- [MATERIAL TO PROCESS]:
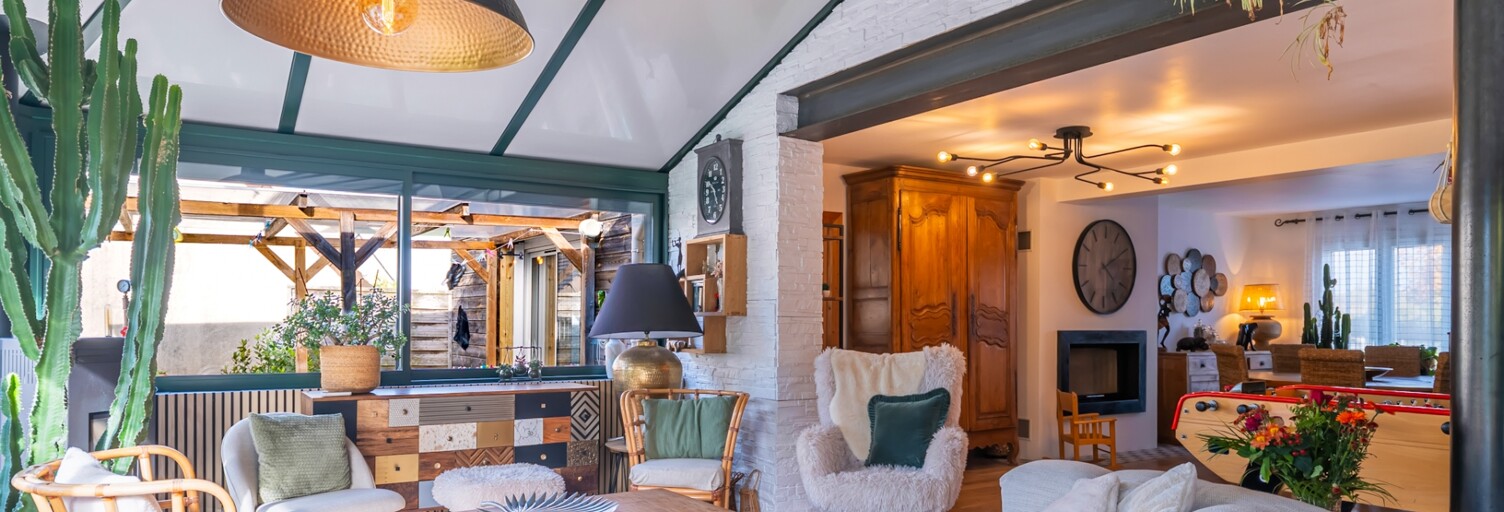 Maison 8 Pièces 180 m² à vendre à Le Mans (72000)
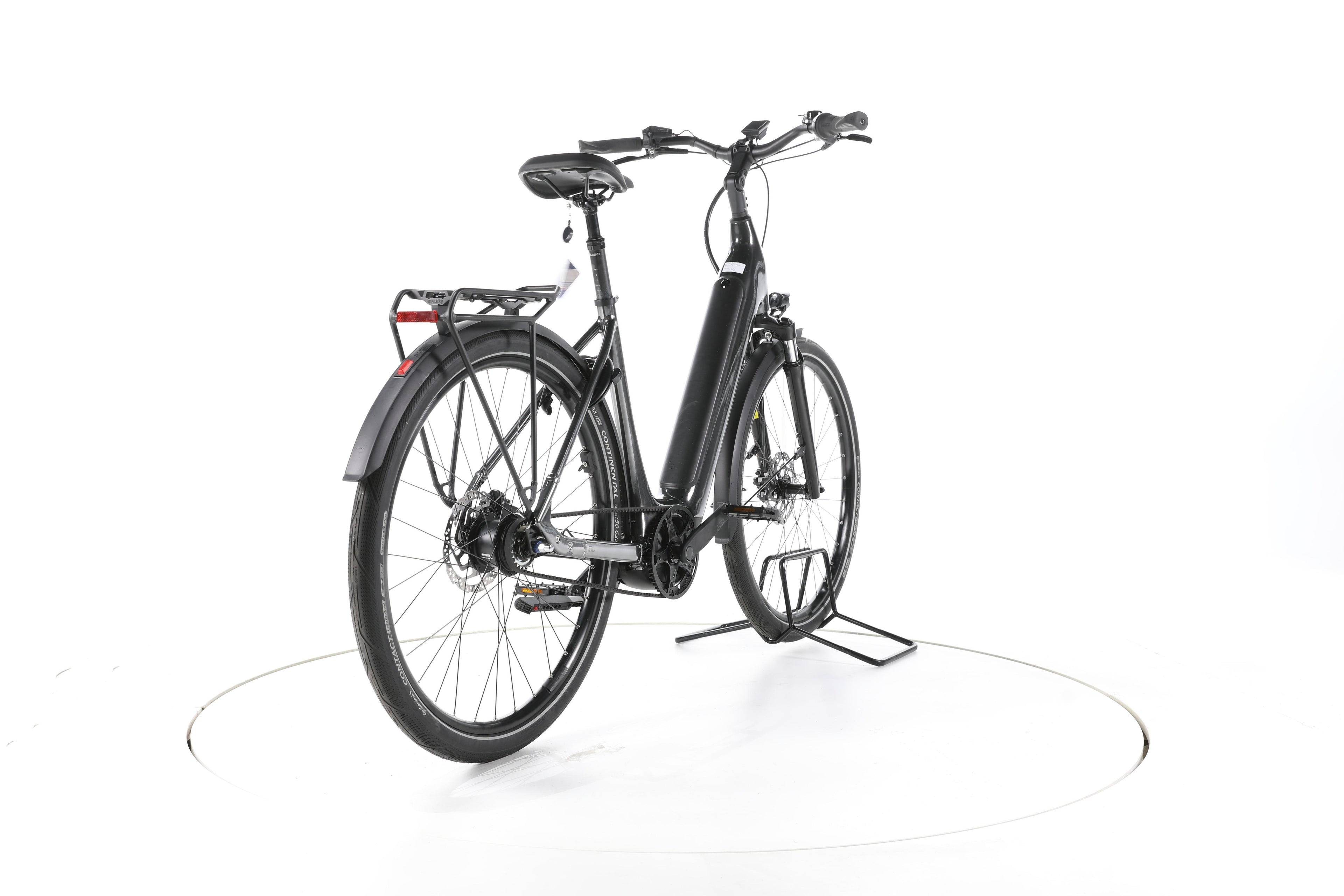 Cube Supreme Hybrid Deluxe ONE City E-Bike Tiefeinsteiger 2025 - Image 11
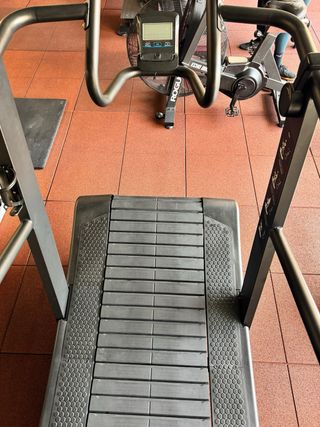 Cinta de Correr Curva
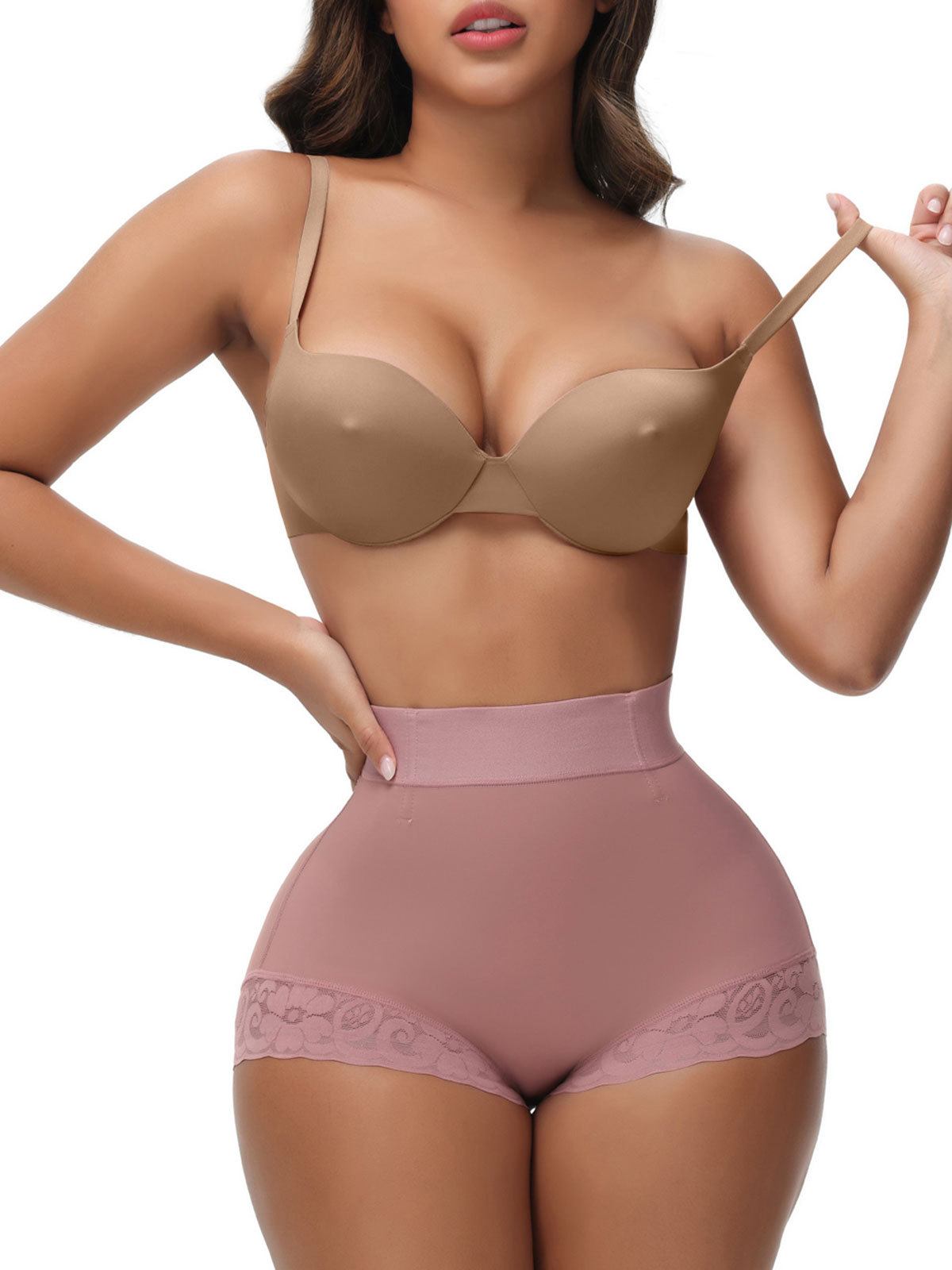 ChicCurve Nipple Shaping Push-Up Bra Ref100201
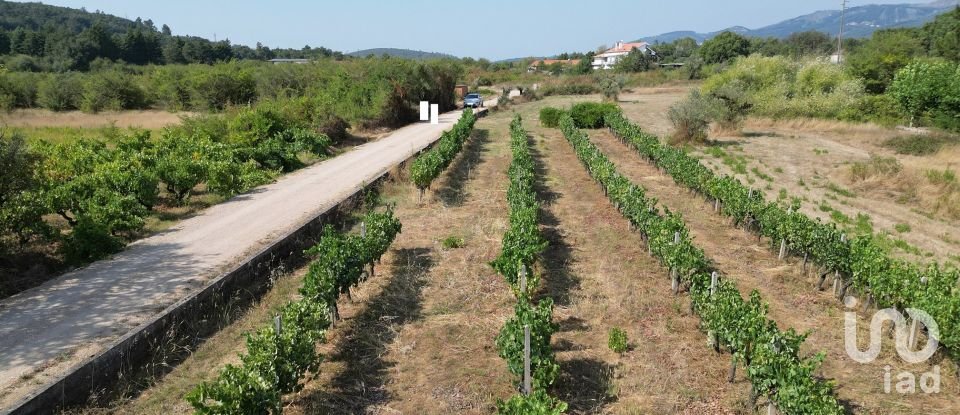Terreno rústico em Cumeeira de 2 438 m²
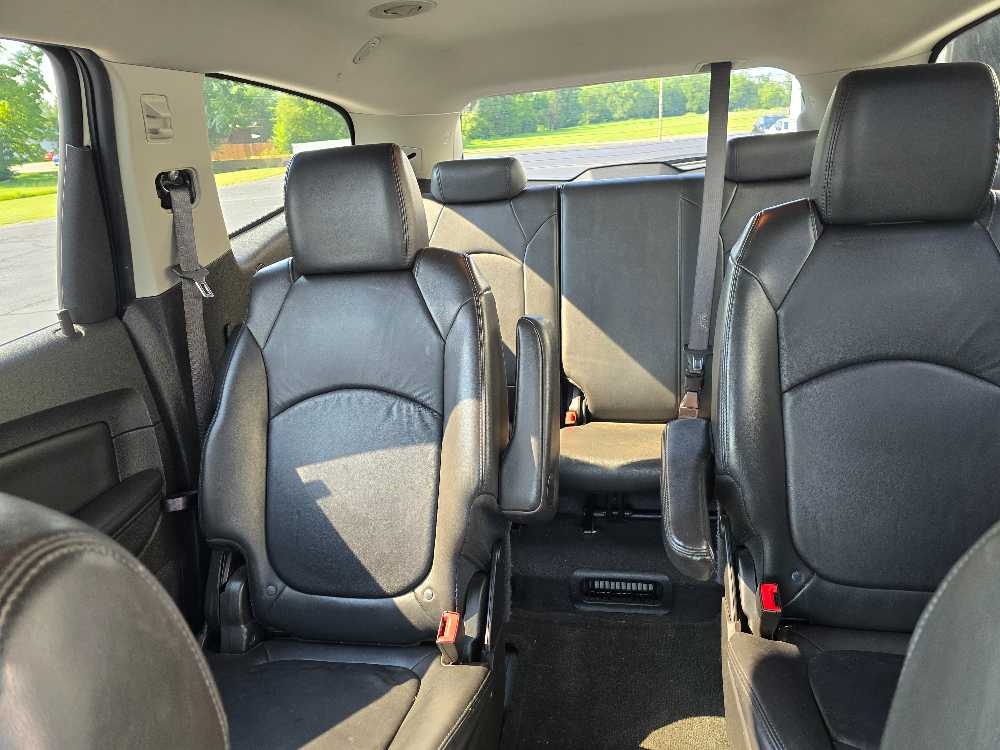 CHEVROLET TRAVERSE LTZ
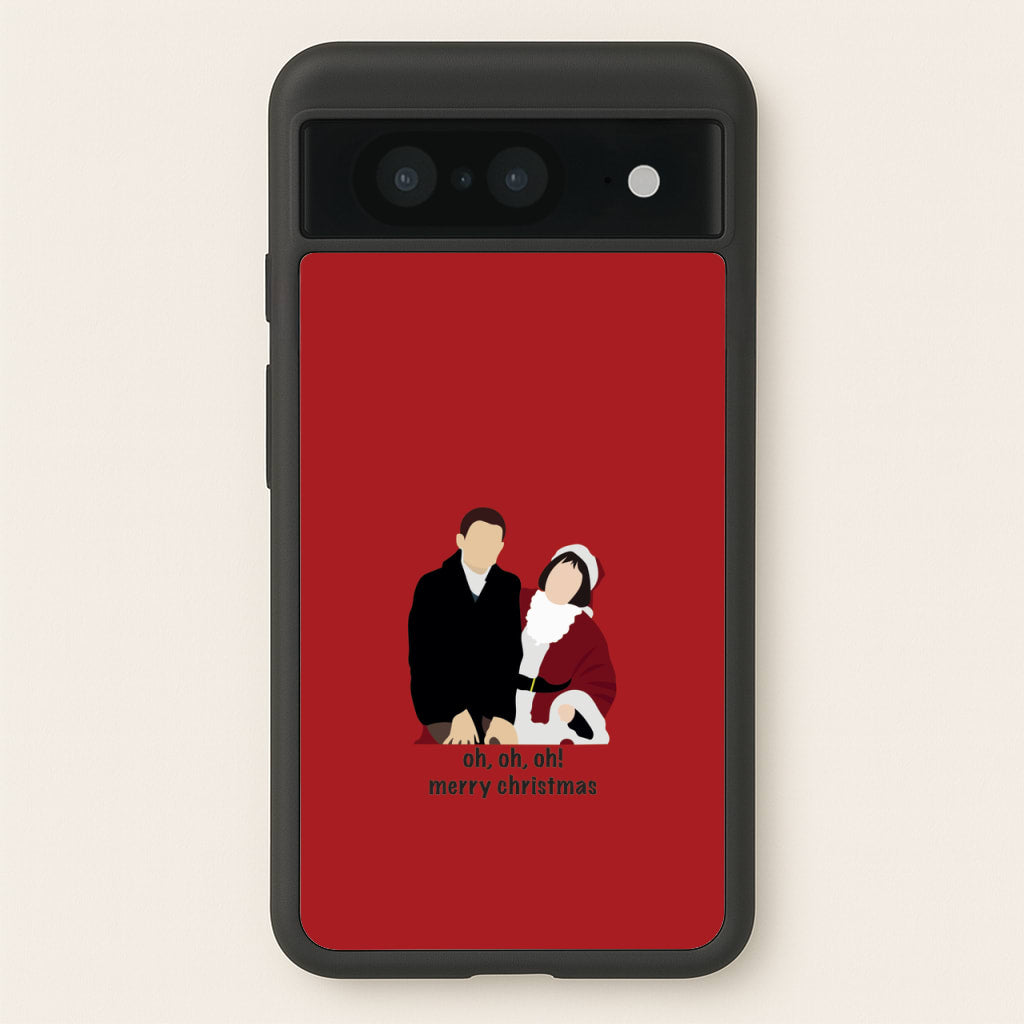 Oh Oh Oh - Gaving And Stacey - Gavin And Stacey Phone Case for Google Pixel 8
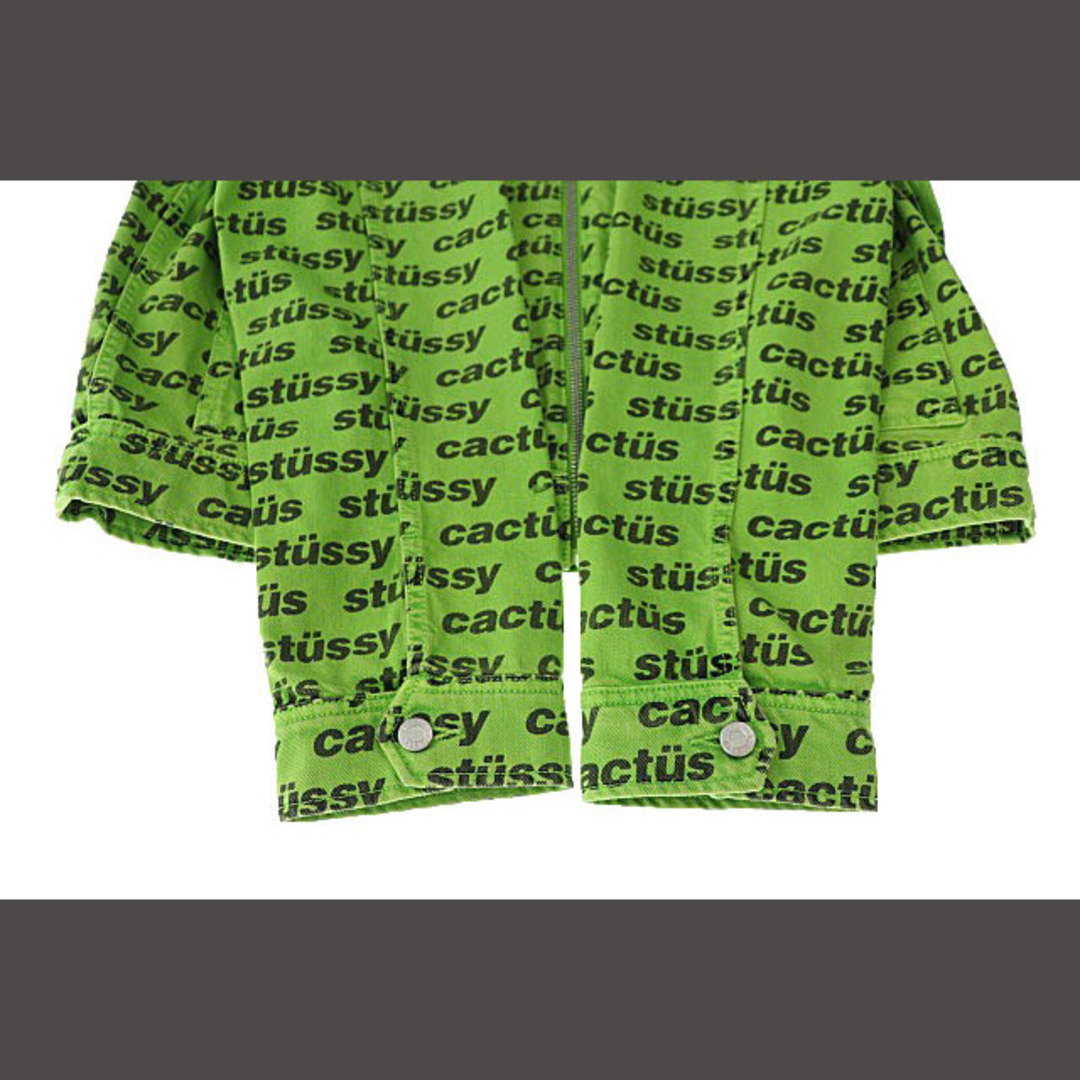 STUSSY - ステューシー ×CPFM カクタスプラントフリーマーケット 21SS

- [INSTRUCTIONS TO FOLLOW]: Retype the whole listing. Keep every word exact but include no pictures.

- [EXERCISE RESULT]:
 Maison 8 Pièces 180 m² à vendre à Le Mans (72000)
 Cube Supreme Hybrid Deluxe ONE City E-Bike Tiefeinsteiger 2025 - Image 11
 Cinta de Correr Curva
 ChicCurve Nipple Shaping Push-Up Bra Ref100201
Terreno rústico em Cumeeira de 2 438 m²
 CHEVROLET TRAVERSE LTZ
 Oh Oh Oh - Gaving And Stacey - Gavin And Stacey Phone Case for Google Pixel 8
 STUSSY - ステューシー ×CPFM カクタスプラントフリーマーケット 21SS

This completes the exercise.